* What the task asks
Every line from the opening of the records to the line with "Regardless of whichever" should be restated exactly, with both ends included and the pictures left out.
═══
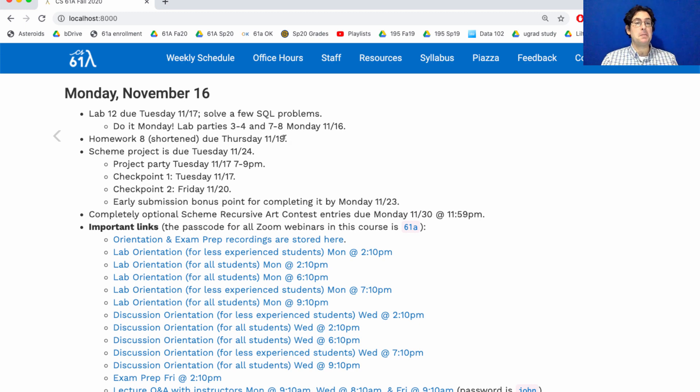Homework 8 is due Thursday — we've shortened it relative to its normal length because there's a lot going on this week. The scheme project is due next Tuesday, but you could finish it this week. Checkpoint one is due Tuesday, checkpoint two is due Friday. Once you've gotten through checkpoint two, you've finished most of the project, and if you finish the whole thing by Monday of next week you'll get an early submission bonus point.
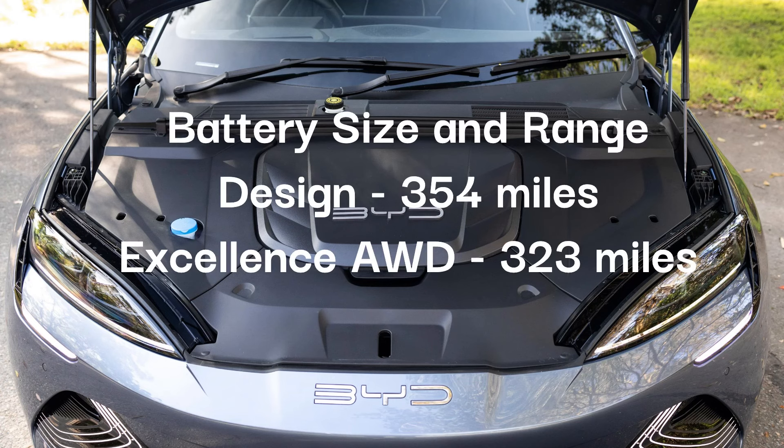Regardless of whichever trim you go for, the car comes with an 82.5 kilowatt-hour battery. In the Design trim you can get 354 miles of range, but in the high-spec model the range drops to 323 miles due to the 530 horsepower.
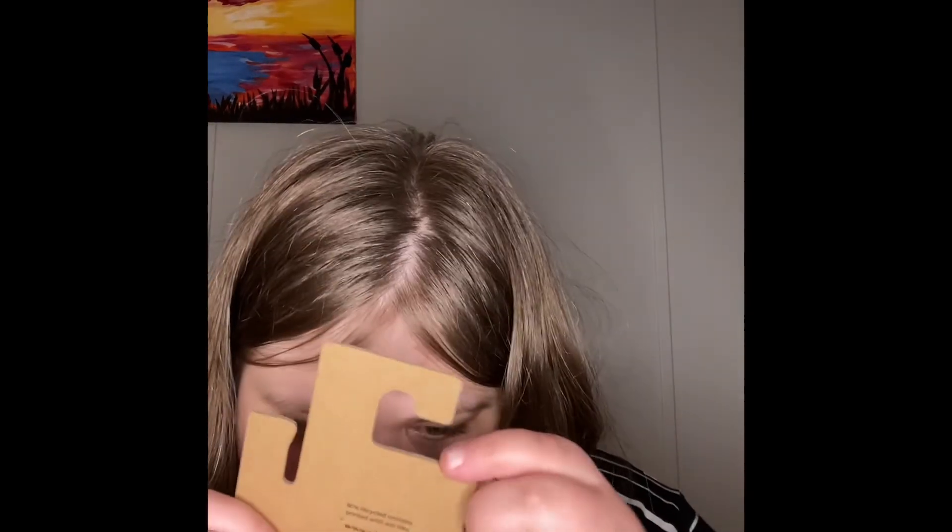If you guys want to see more hauls from me and you love seeing them, your comments are welcome — feel free to comment. I don't know why this was in there, but this little piece of cardboard was in there. If you want to see more videos like this, hit that subscribe button and I'll see you in the next one — peace!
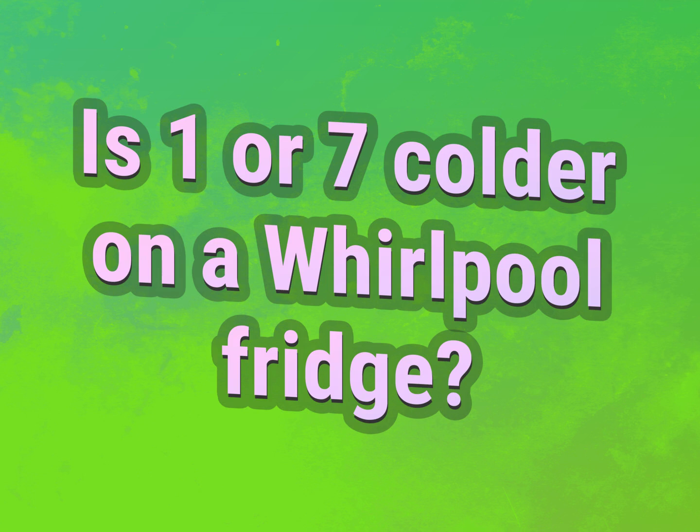Is one or seven colder on a Whirlpool fridge? Our mission is to provide accurate answers.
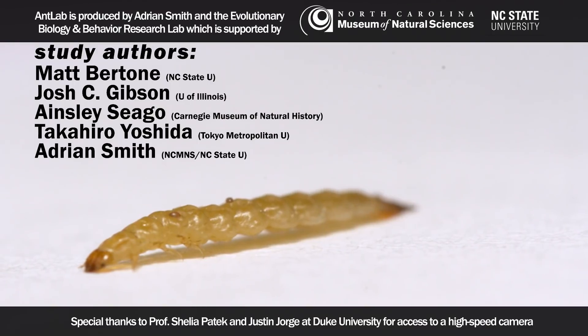We just submitted everything I just showed you for publication as a peer-reviewed science journal article. It's under review now, but you can read the draft of the work by looking up the preprint, which we linked in the video description below. Thanks for watching.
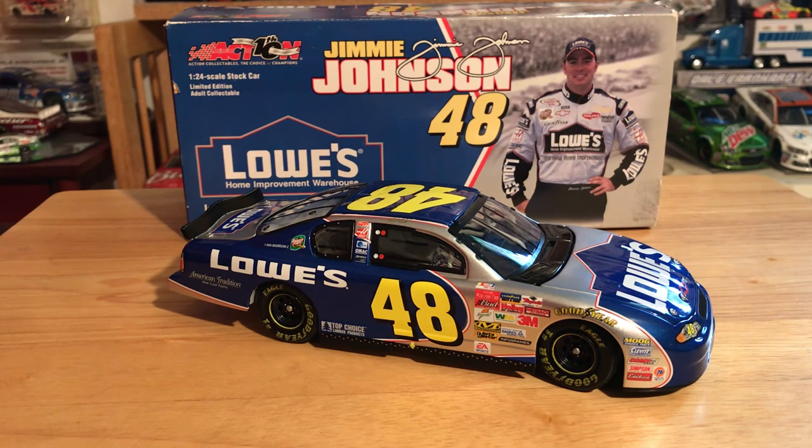Anyway, that's kind of a rant, but it's a beautiful paint scheme and it's the GOAT's first year. That's pretty much it for this one — if you enjoyed it, please give a thumbs up and subscribe. You can follow me on Instagram at jpat_diecast2 and on Twitter at jpat_diecast. I hope you enjoyed this video, thank you for watching, have a great day or night wherever you may be, and we'll see you on the next one — peace out guys!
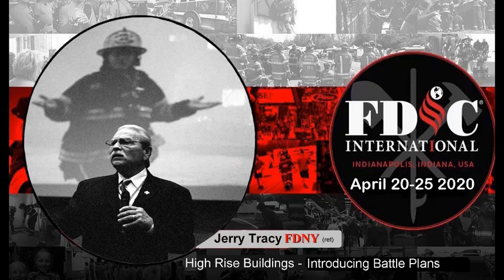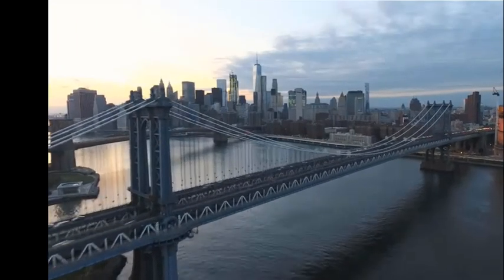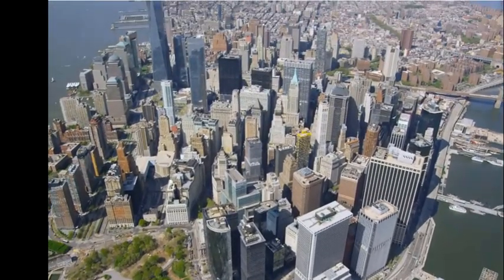Hi, Jerry Tracer here. I would like to welcome you to attend FDIC 2020. I'll be presenting a four-hour workshop on Monday morning, April 20th, the subject being an introduction to battle planning for high-rise buildings.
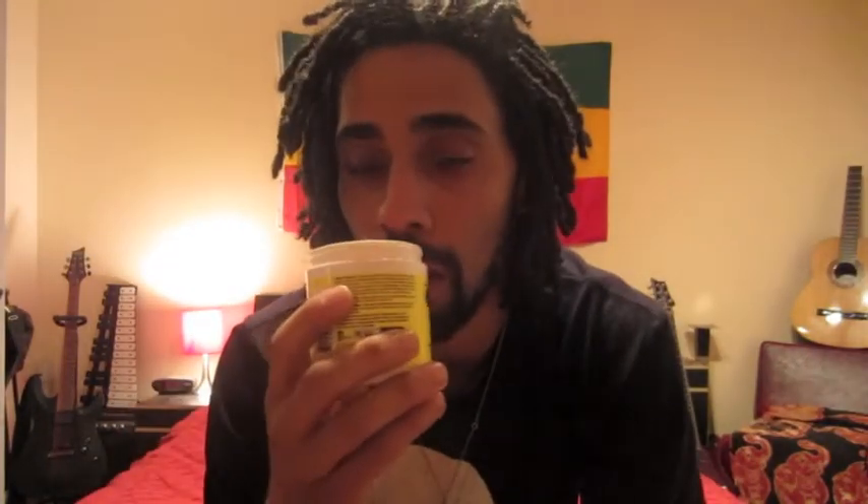If you can't find them, go to rastagroup.com and you can order them. For my retwist after the shampooing is done, I have Jamaican Mango and Lime locking gel. Smells really good — like I could eat it right out of the tub.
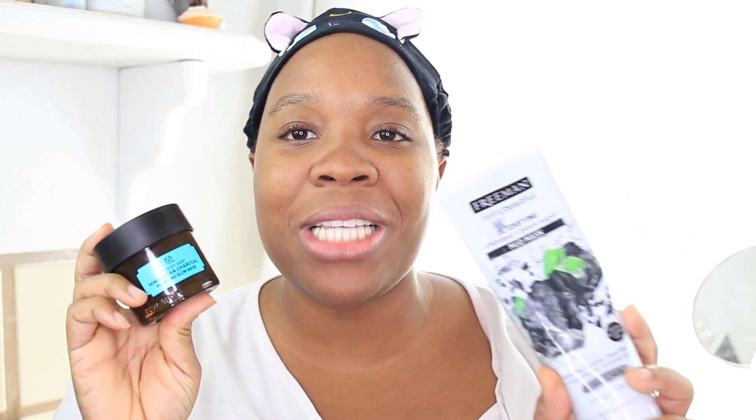In today's episode of the Battle of the Dupes, we will be comparing Freeman's Healing Beautiful mask with the Body Shop's Himalayan Charcoal Purifying Glow mask. Apparently these two are a dupe for each other.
═══
* Written solution
Homework 8 is due Thursday — we've shortened it relative to its normal length because there's a lot going on this week. The scheme project is due next Tuesday, but you could finish it this week. Checkpoint one is due Tuesday, checkpoint two is due Friday. Once you've gotten through checkpoint two, you've finished most of the project, and if you finish the whole thing by Monday of next week you'll get an early submission bonus point.
Regardless of whichever trim you go for, the car comes with an 82.5 kilowatt-hour battery. In the Design trim you can get 354 miles of range, but in the high-spec model the range drops to 323 miles due to the 530 horsepower.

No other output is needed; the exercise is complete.